I know I am getting older. And not only because of the number of times I have circled the sun, but because I find myself enjoying new interests like bird watching, peony-growing, and reading non-fiction. Jane Fonda’s book was a revelation.
I admire and applaud her for writing with such intelligence and honesty. I was stunned by the duality of her life – what it looked like in pictures versus what was going on within. I was shocked that she shared so much about her very flawed parents, her fear, shame, disease to please, eating disorder and sex life. Fonda’s intellectual curiosity, transformation and journey to self are inspiring. Her true commitment to social and political change (especially for girls and women) is tremendous. This book is long, but it is very well structured, and filled with photos, celebrity insights, great quotes, and a comprehensive history of the U.S. involvement in the Vietnam War.
Jane Fonda studied acting with Lee Strasberg, who developed a style known as the Method. He became the artistic director of the Actors Studio and Fonda learned her most important acting techniques and lessons with him. Fonda quotes him as saying, “Tension is the occupational disease of the actor.”
Hmm…just the actor? Dare I say that tension is also the occupational disease of the public speaker? As Fonda explains it, relaxation is key for actors, so that “the body’s energetic flow is unimpeded and inspiration can rise and express itself through the actor’s spirit: in eyes, voice and movement…the body as instrument.” She continues, “ You can’t do most things well without being relaxed, not in sports, not in lovemaking, not in acting.”

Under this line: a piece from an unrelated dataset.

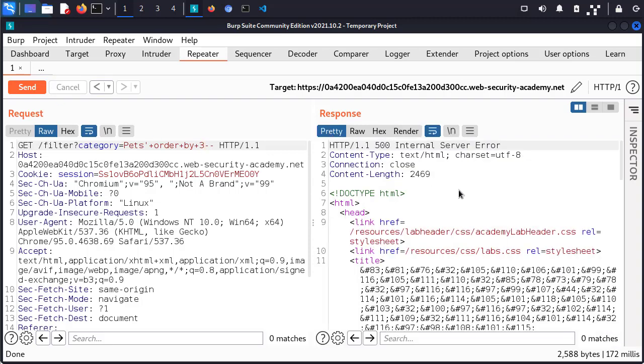And this is our first error — 500 internal server error. What this tells us is that the original query is requesting exactly two items. So the next thing we want to figure out is what kind of information can we pull from the database, and what built-in functions can we use to perform reconnaissance on the database?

We know in our heads that we need to embody this same relaxation when we speak in public, so that we make genuine connections and deeply feel that we have done our best. For the speaker, this state of mind (and body!) is called “relaxed readiness.” Being relaxed and ready means we know where we are going, we’re ready to attend to the ebb and flow of unexpected people, questions, scenarios, and trusting that the ideas, the eyes, the voice and the movement will connect with our audience. This is an occupational aspiration for public speakers.